(Input data Opens)

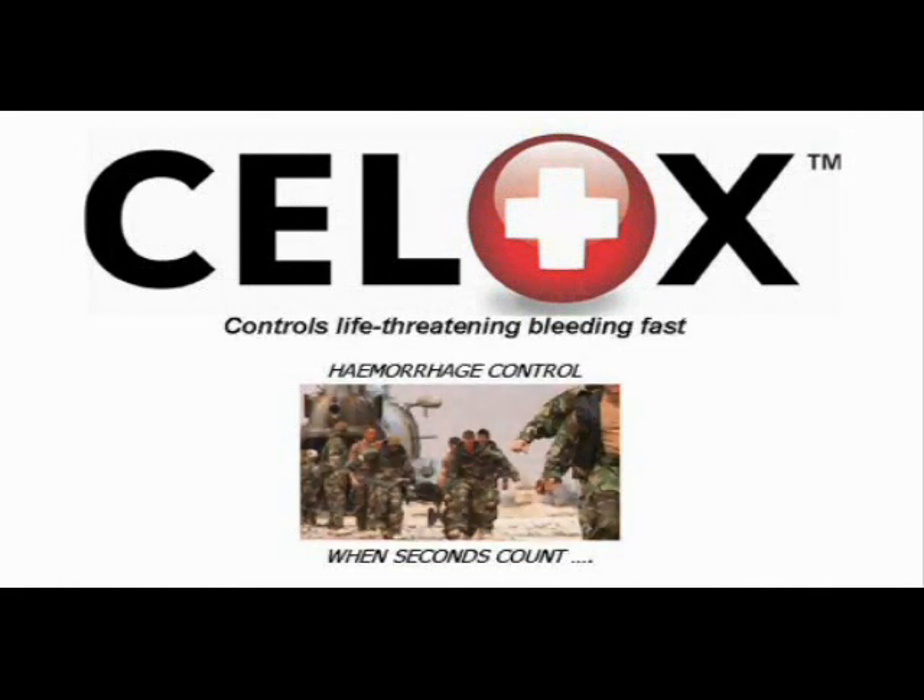CELOX, the revolutionary new haemostat. It controls life-threatening bleeding fast.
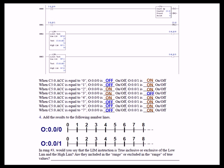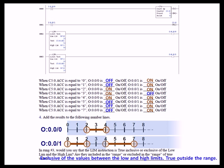Plotting these on number lines, you can clearly see the difference between the two limit configurations. For rung 3, the limit instruction is exclusive of the values between the low and high limits — it is true outside the range, not inside it.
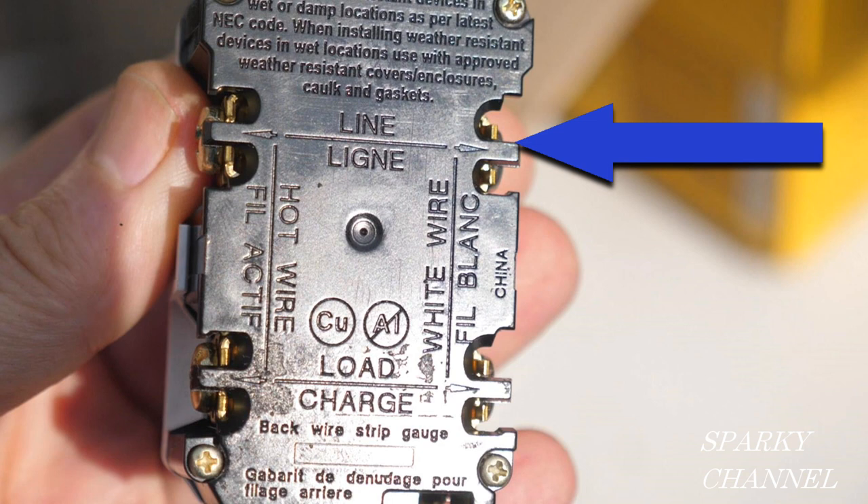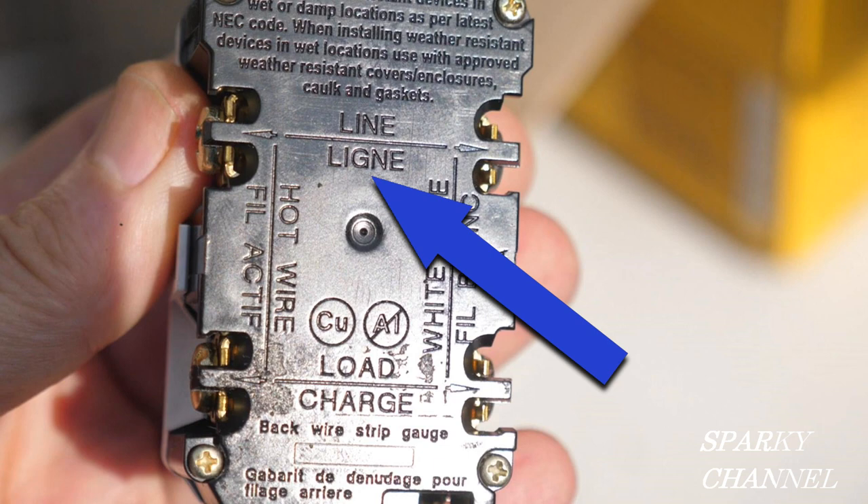On the back is an area that we call the line area of the GFCI, and you attach the wires that come from your service panel to this line area. Those are the wires that bring the current into the receptacle. Below that we have the French word for line.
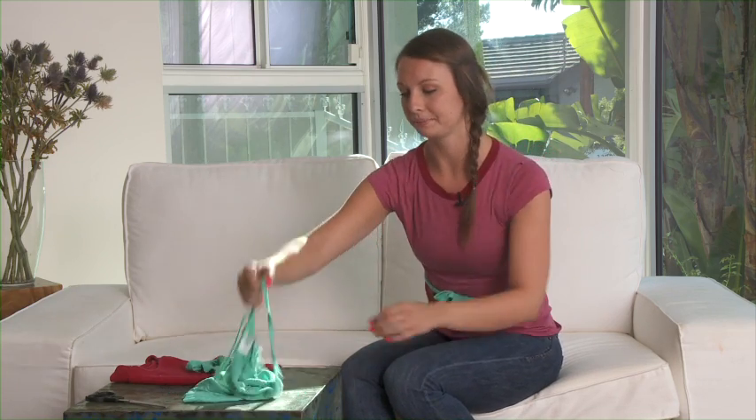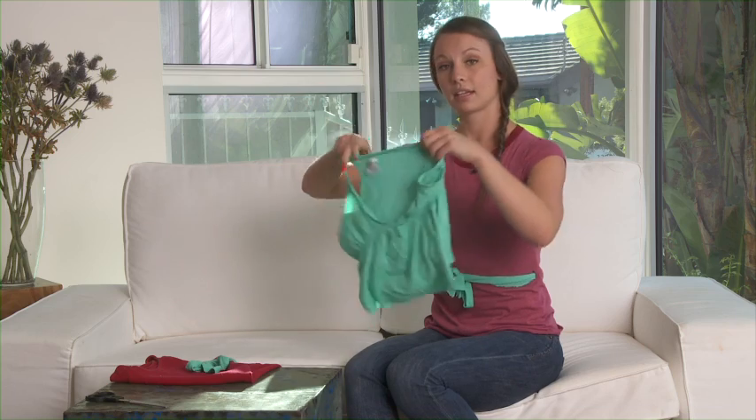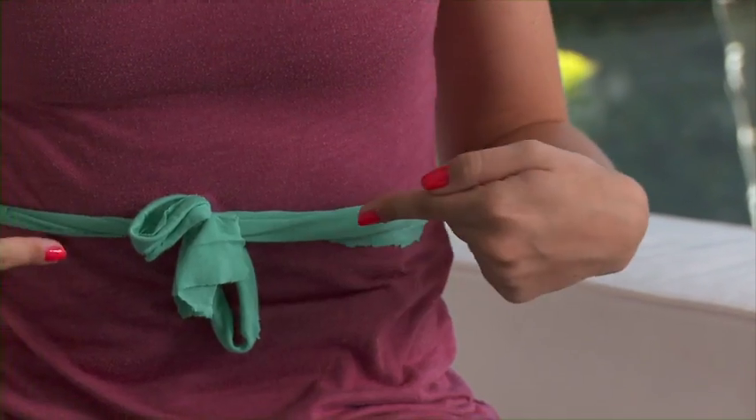All you have to do is cut a strip of fabric from an old shirt. And then you're going to cut a small slit on the side of your shirt that's going to serve as a sort of belt loop. Thread the strip of cotton through the shirt and then tie it in a bow.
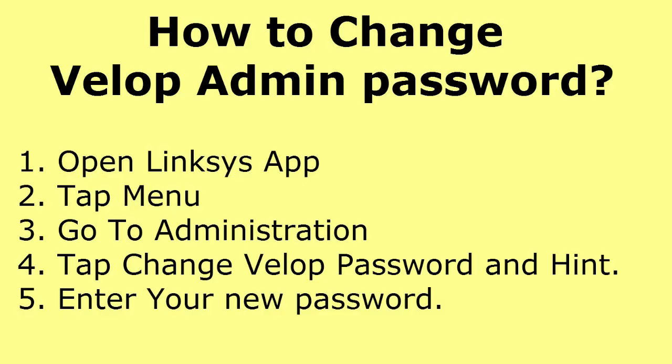The next question is how to change the Velop admin password. Open the Linksys app and go to the menu in the top left corner. Select Administration, then tap 'Change Velop password and hint,' enter your new password and hint, and you are done.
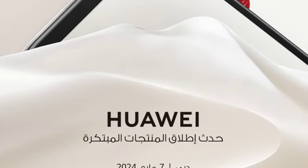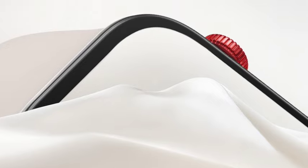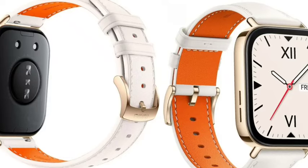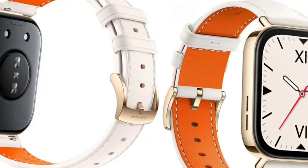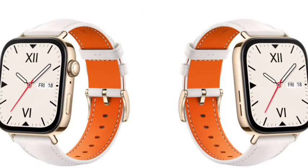Welcome back. In this video, the Huawei Watch Fit 3 has been confirmed with full details and features. Starting with the design — it looks completely premium, similar to the Apple Watch Series 8 and Series 9.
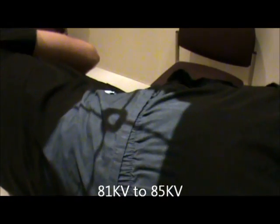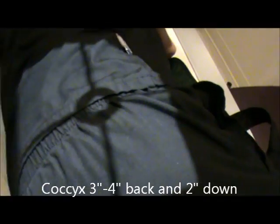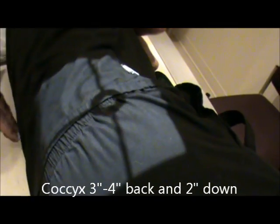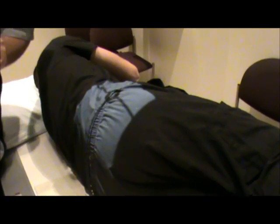For the lateral coccyx, we still palpate the ASIS and go three to four inches back. From that point, we go down two inches. That will be our centering. We'll adjust our marker so it's still in the light field, still use our lead blocker, and technical factors remain the same — 81 to 85 kVp. And this will be our view of the coccyx.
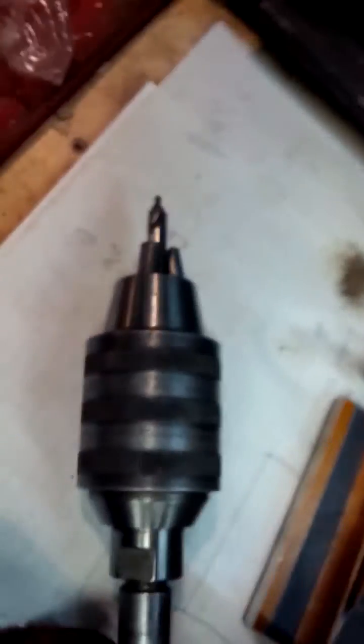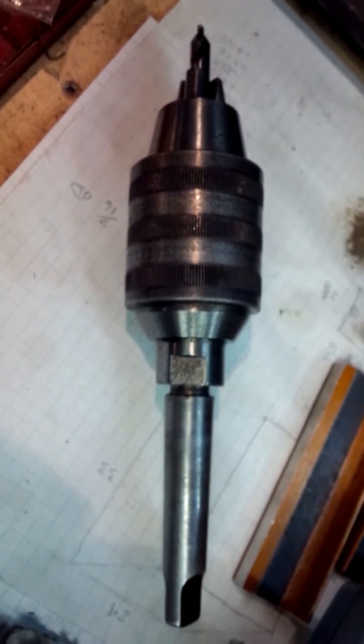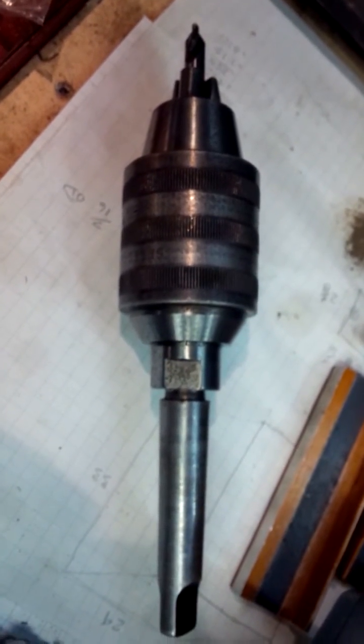I think the problem is that possibly all three of your jaws are not actually grabbing the whole bit itself, and that's why you're spinning your bits inside your chuck. I'm really disappointed with this chuck because it's my only keyless chuck that I use on the lathe.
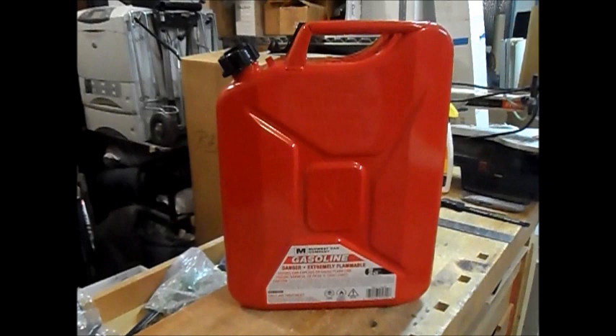Hello ladies and gentlemen on YouTube. This is my second video — it has taken forever, but this one is going to be on a Midwest jerry can that I purchased from Harbor Freight Tools.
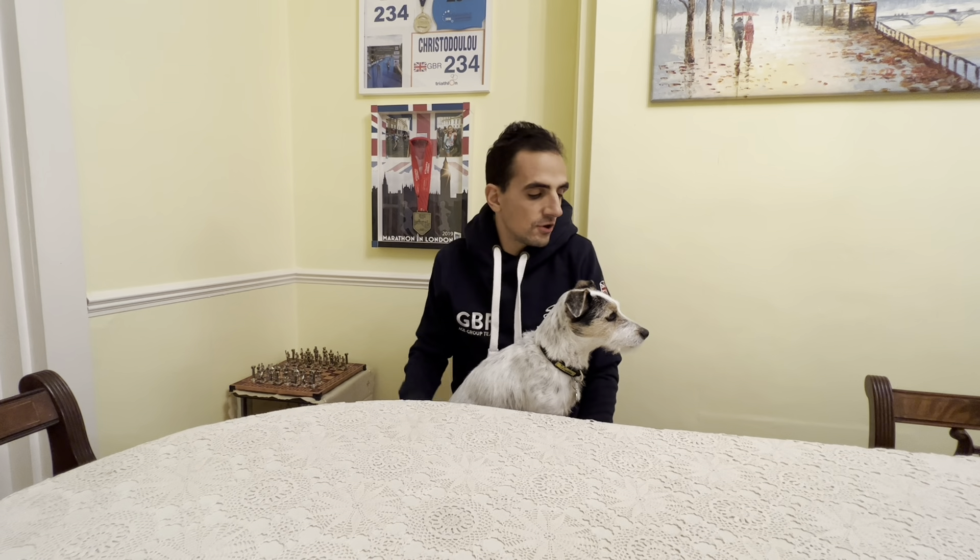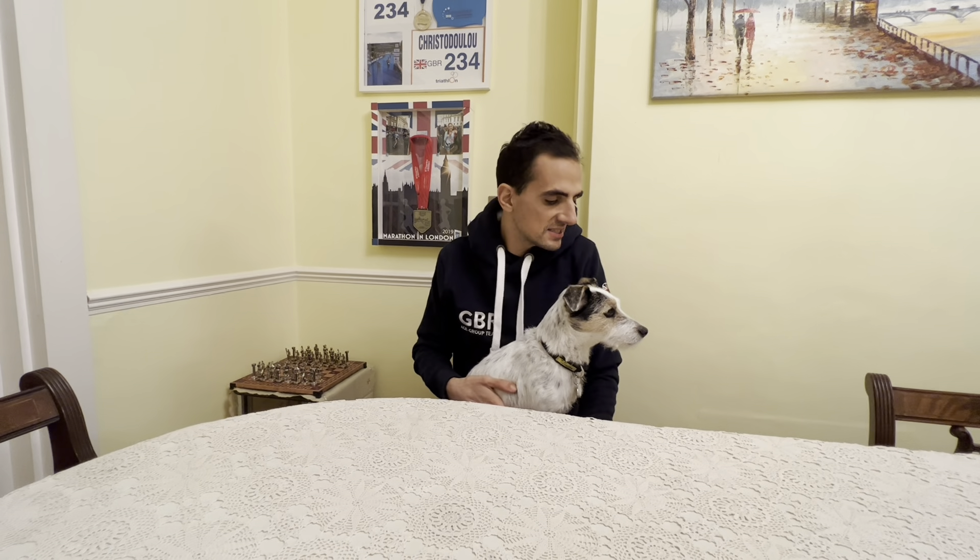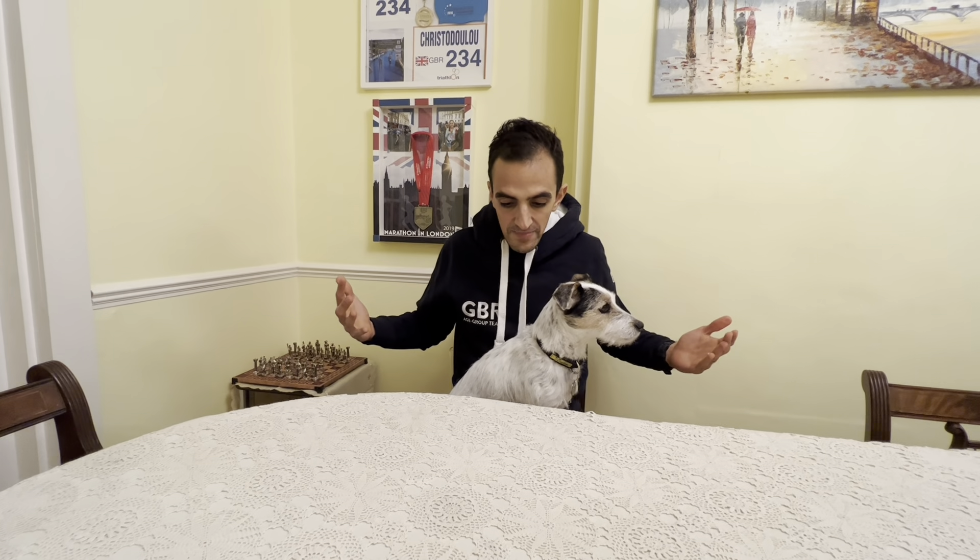Welcome back to channel guys, and if you're new to channel welcome — please like and subscribe. I've got Dino here, he might say hello to you. I just can't get rid of him — he basically wants to be in every video, so he is now my adopted dog that's in my videos. I hope he doesn't put you off.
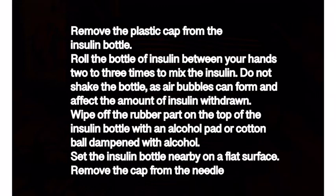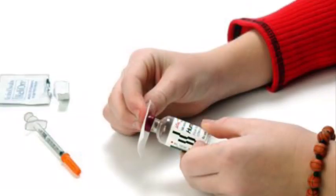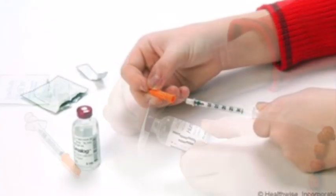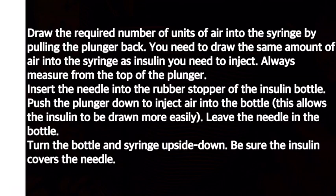Set the clean bottle nearby on a flat surface. Remove the cap from the needle. Draw the required number of units of air into the syringe by pulling the plunger back. You need to draw the same amount of air into the syringe as the amount of insulin you need to inject. Always measure from the top of the plunger.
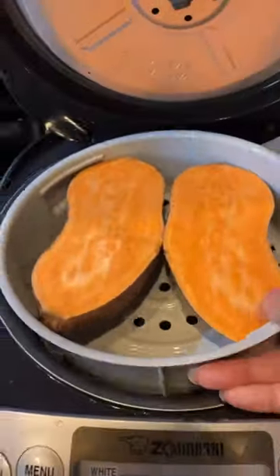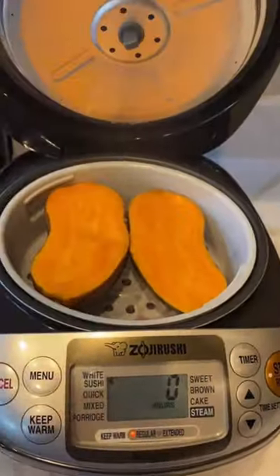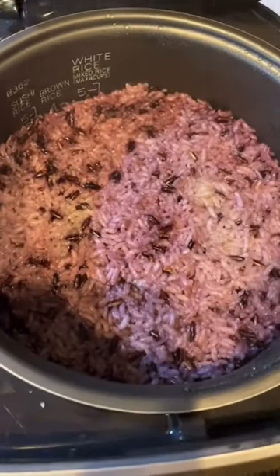Today I'm using the white rice setting for purple rice, and I steamed some sweet potato. An hour later — voila, perfect every time.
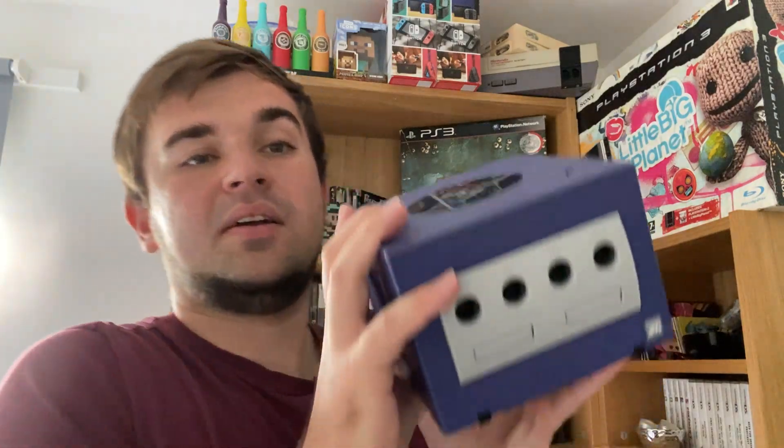Hello everyone. In the last episode we had an eBay pickup, and it has now turned up in very good condition. If you've seen the last episode you'll know what it is — it's a Nintendo GameCube. Hopefully the screenshots from the listing are there. Here it is — I'll show you the console first.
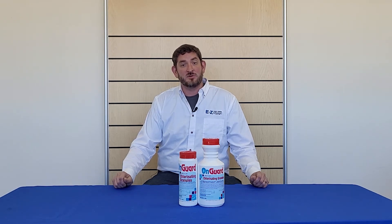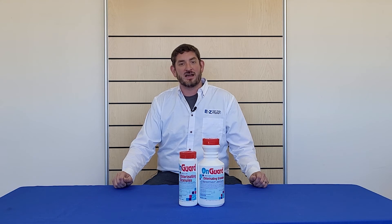This product is available in a 2 lb or a 5 lb quantity, and if you have any other questions or would like to purchase, visit us at easytestpools.com or stop by any of our stores. Thanks for watching.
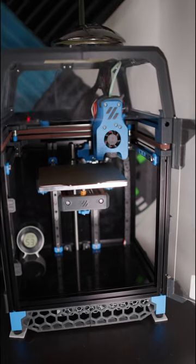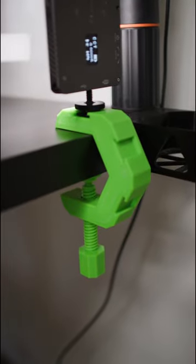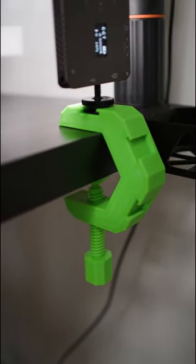I printed this model on a Voron V0.1, which I received from Hotend.cz. As a material to print this clamp, I used green ABS from Gambirt.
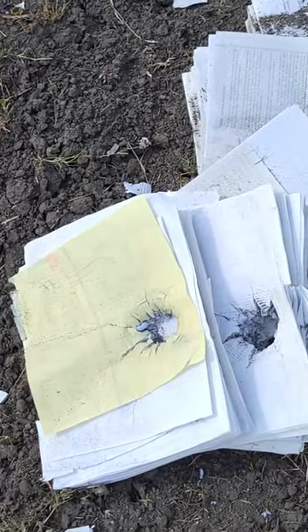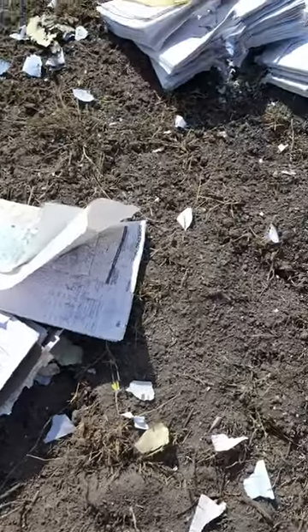The shape charge had no problem punching through the paper. It went through the entire stack and went right into the ground. Paper might defeat rock, but it doesn't defeat shape charge.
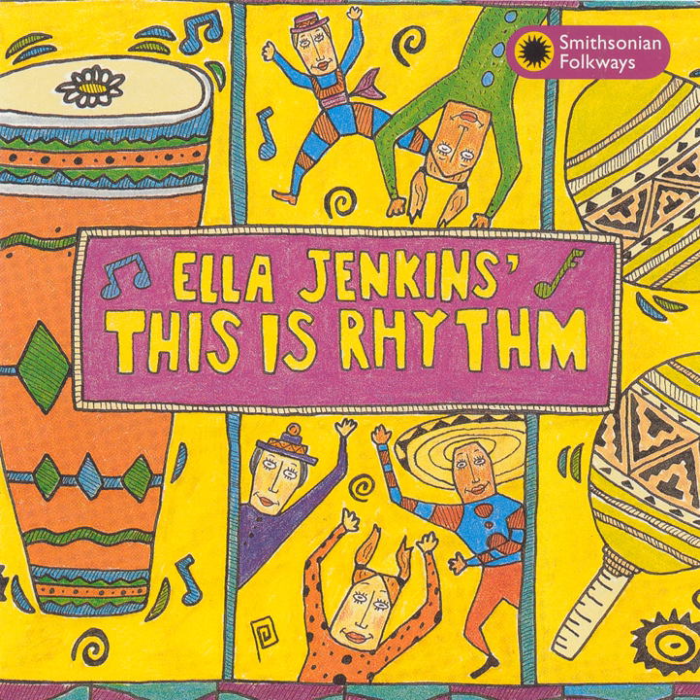To play the maracas, shake them back and forth, back and forth, keeping the seeds together by having them strike the front and back walls of the shell. The maraca is also a West Indian instrument.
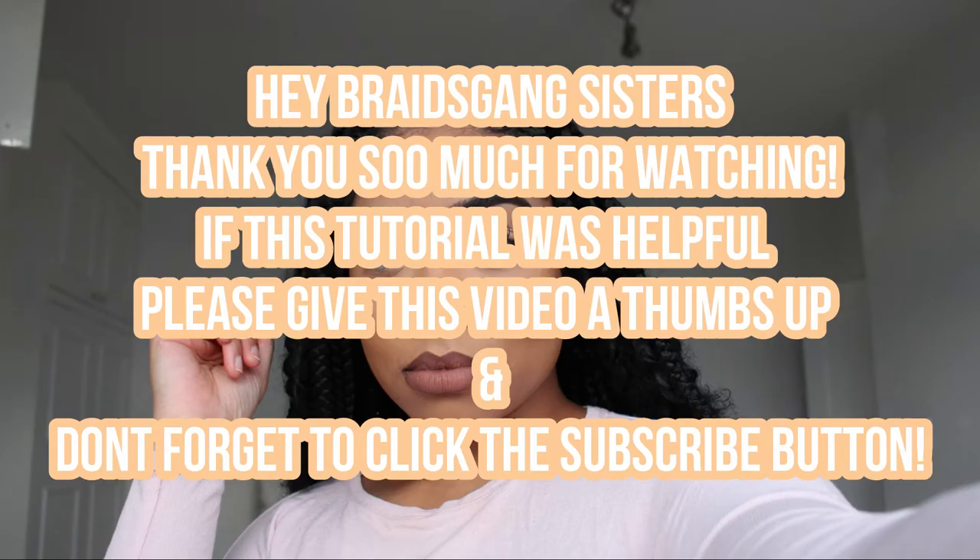I can wear this down as well, by the way, if you guys are wondering. Thank you so much for watching and I will see you guys in my next video. Bye guys!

(Input data Closes)

(Exercise description): All the lines above are to be given again exactly as they read, with the pictures removed.

(Exercise result):
CELOX, the revolutionary new haemostat. It controls life-threatening bleeding fast.
Plotting these on number lines, you can clearly see the difference between the two limit configurations. For rung 3, the limit instruction is exclusive of the values between the low and high limits — it is true outside the range, not inside it.
On the back is an area that we call the line area of the GFCI, and you attach the wires that come from your service panel to this line area. Those are the wires that bring the current into the receptacle. Below that we have the French word for line.
All you have to do is cut a strip of fabric from an old shirt. And then you're going to cut a small slit on the side of your shirt that's going to serve as a sort of belt loop. Thread the strip of cotton through the shirt and then tie it in a bow.
The next question is how to change the Velop admin password. Open the Linksys app and go to the menu in the top left corner. Select Administration, then tap 'Change Velop password and hint,' enter your new password and hint, and you are done.
Welcome back. In this video, the Huawei Watch Fit 3 has been confirmed with full details and features. Starting with the design — it looks completely premium, similar to the Apple Watch Series 8 and Series 9.
For the lateral coccyx, we still palpate the ASIS and go three to four inches back. From that point, we go down two inches. That will be our centering. We'll adjust our marker so it's still in the light field, still use our lead blocker, and technical factors remain the same — 81 to 85 kVp. And this will be our view of the coccyx.
I think the problem is that possibly all three of your jaws are not actually grabbing the whole bit itself, and that's why you're spinning your bits inside your chuck. I'm really disappointed with this chuck because it's my only keyless chuck that I use on the lathe.
Hello ladies and gentlemen on YouTube. This is my second video — it has taken forever, but this one is going to be on a Midwest jerry can that I purchased from Harbor Freight Tools.
Welcome back to channel guys, and if you're new to channel welcome — please like and subscribe. I've got Dino here, he might say hello to you. I just can't get rid of him — he basically wants to be in every video, so he is now my adopted dog that's in my videos. I hope he doesn't put you off.
Set the clean bottle nearby on a flat surface. Remove the cap from the needle. Draw the required number of units of air into the syringe by pulling the plunger back. You need to draw the same amount of air into the syringe as the amount of insulin you need to inject. Always measure from the top of the plunger.
Today I'm using the white rice setting for purple rice, and I steamed some sweet potato. An hour later — voila, perfect every time.
Hello everyone. In the last episode we had an eBay pickup, and it has now turned up in very good condition. If you've seen the last episode you'll know what it is — it's a Nintendo GameCube. Hopefully the screenshots from the listing are there. Here it is — I'll show you the console first.
This product is available in a 2 lb or a 5 lb quantity, and if you have any other questions or would like to purchase, visit us at easytestpools.com or stop by any of our stores. Thanks for watching.
I printed this model on a Voron V0.1, which I received from Hotend.cz. As a material to print this clamp, I used green ABS from Gambirt.
The shape charge had no problem punching through the paper. It went through the entire stack and went right into the ground. Paper might defeat rock, but it doesn't defeat shape charge.
To play the maracas, shake them back and forth, back and forth, keeping the seeds together by having them strike the front and back walls of the shell. The maraca is also a West Indian instrument.
I can wear this down as well, by the way, if you guys are wondering. Thank you so much for watching and I will see you guys in my next video. Bye guys!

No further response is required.